In These New Times

A new paradigm for a post-imperial world

FDIC Running out of Cash: No Bank is Safe in this Alarming Atmosphere

Posted by seumasach on September 20, 2008


Global Research,

September 19, 2008

The Age

Be very, very careful. There are reports the US Federal Deposits Insurance Commission is running out of money. Chairman Sheila Blair has been forced to issue a statement. “US banks are overwhelmingly safe and sound and the Government fund used to cover insured deposits will be adequate to absorb any losses, even high losses,” she says.

But Brian Bethune, US economist at consulting company Global Insight, said: “Additional failures of large banks or savings and loans companies seem likely, and that could overwhelm the FDIC’s insurance fund.”

Christopher Whalen, senior vice-president and managing director of Institutional Risk Analytics, said: “We’ve got a … retail bank run forming in this country.”

On Monday, US Treasury Secretary Henry Paulson said the nation’s commercial banking system “is safe and sound”, and that “the American people can be very, very confident about their accounts in our banking system”.

FDIC officials say 98% of US banks still meet regulators’ standards for adequate capital.

Associated Press reported that the FDIC was down to $US45.2 billion ($A57 billion) – the lowest level since 2003.

Whalen then wrote that reports the FDIC was running out of cash had no basis.

His statement said: “It is essential that people realise the US Treasury will advance whatever cash is needed by FDIC to address bank failures and make good the deposit insurance guarantee. There is no issue regarding the bank insurance fund, but unfortunately most of the public do not understand this. The FDIC needs to make this clear in all of its public statements.”

IRA has been constantly in contact with the FDIC and other regulators and knows more about this situation, I would suggest, than the US Government.

The situation may not have been helped by a report from American Banker concerning the deal by Bank of America, the FDIC’s biggest customer, with 10% of the nation’s deposits, to take over Merrill Lynch saying “it is unclear how much that acquisition would increase B of A’s risk profile”.

It is an intricate game, with the stability of the nation’s finances on the line.

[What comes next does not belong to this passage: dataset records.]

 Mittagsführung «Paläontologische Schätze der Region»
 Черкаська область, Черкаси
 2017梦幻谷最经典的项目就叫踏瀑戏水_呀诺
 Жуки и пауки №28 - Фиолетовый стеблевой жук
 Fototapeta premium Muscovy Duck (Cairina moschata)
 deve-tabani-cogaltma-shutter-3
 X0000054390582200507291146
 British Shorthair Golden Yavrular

American Banker says regulators will meet the Senate Banking Committee, which is “increasingly worried about the FDIC’s ability to pay for the growing number of bank failures, and relaxing the barriers between banks and the riskier affiliates is likely to raise some concerns”.

It said the Federal Reserve board had waived long-standing limits designed to prevent commercial banks from bailing out affiliates, including their investment banking units. The waiver, which will last until January, was seen as helping B of A make the Merrill deal.

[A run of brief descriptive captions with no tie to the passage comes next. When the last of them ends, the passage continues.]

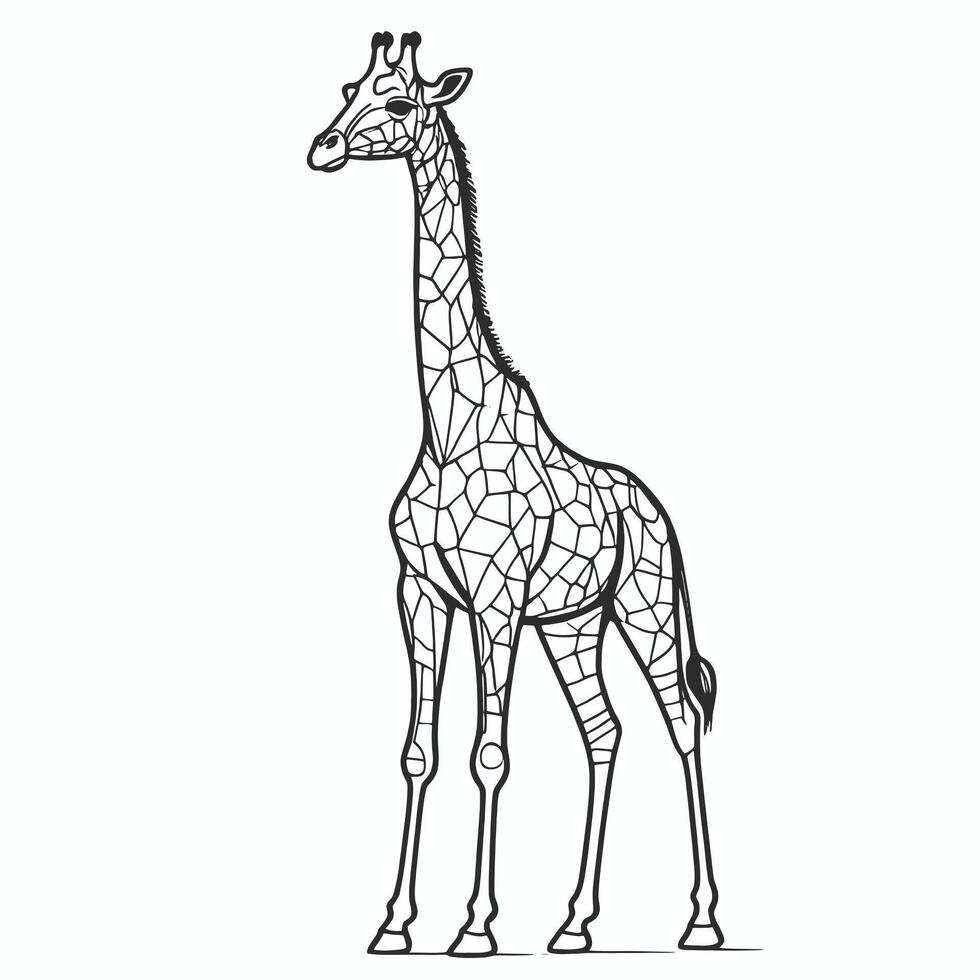 A giraffe is standing in a line drawing vector
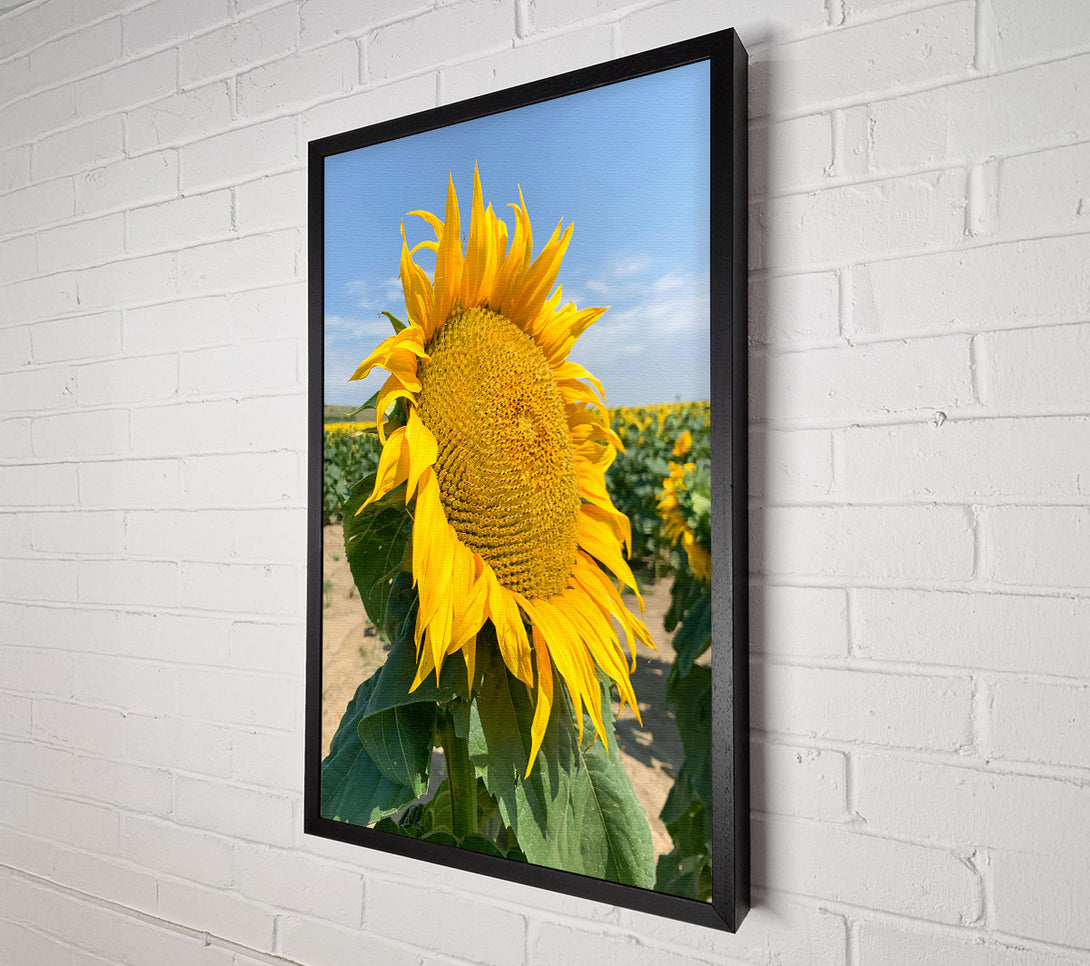  A Canvas Print of Golden Sunflower Field Canvas Print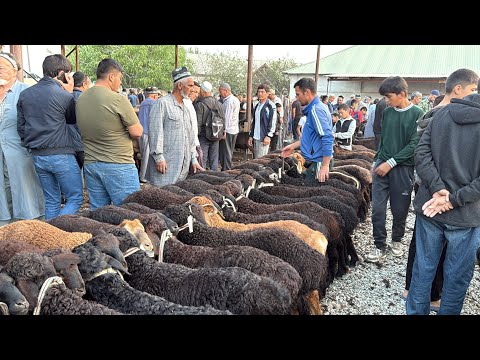 Видео: МОЛБОЗОР ВА ГУСФАНД БОЗОР СЕЗОН. БАРРА ВА КУЧКОРО 16 мая 2025 г.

“That’s specifically so that no one will question Bank of America’s ability to capitalise Merrill Lynch because it allows B of A to use its deposit base, which is enormous, to capitalise the broker-dealer,” said Chris Low, chief economist at First Horizon National Corp’s FTN Financial Capital Markets.

“The initial worry for the FDIC is that deposits will be used to backstop investment banking operations, which in and of itself is risky.”

This sort of statement has the potential to roil troubled markets. Statements to the effect that there is no cause for alarm, although accurate in the immediacy, can cause the public to consider the opposite. But the genie is out of the bottle.

These developments draw attention to how close we are to widespread alarm, and in that environment no bank is safe.

Paul Craig Roberts was assistant secretary of the Treasury in the Reagan administration. He was associate editor of The Wall Street Journal editorial page and contributing editor of National Review. He is co-author of The Tyranny of Good Intentions.

He wrote on Tuesday: “Most Americans, including the presidential candidates and the media, are unaware that the US Government today, now at this minute, is unable to finance its day-to-day operations and must rely on foreigners to purchase its bonds.

“The Government pays the interest to foreigners by selling more bonds, and when the bonds come due, the Government redeems the bonds by selling new bonds. The day the foreigners do not buy is the day the American people and their government are brought to reality. This is not the financial position of a superpower … Will what happened to Lehman Brothers today be America’s fate tomorrow?”

Hopefully, tomorrow is a long way off.

Meanwhile, RSG Monitor, a creation of Professor Nouriel Roubini and other top international economists and policymakers, reports: “The biggest US savings and loan, Washington Mutual, might be close to a bust. Dozens of other banks could be near bankruptcy and the beginning of a silent bank run is looming as depositors are nervous about their assets.

“Indeed, panic is mounting in financial markets: the CDS market is frozen because of the collapse of Lehman and fears of the collapse of AIG, WaMu and other financial institutions. At the same time, many hedge funds are now teetering as their losses are mounting. Investors in fixed income – including preferred stocks – have also experienced massive losses.”

David Hirst is a journalist, documentary maker, financial consultant and investor. His column is syndicated by News Bites, a Melbourne-based sharemarket and business news publisher.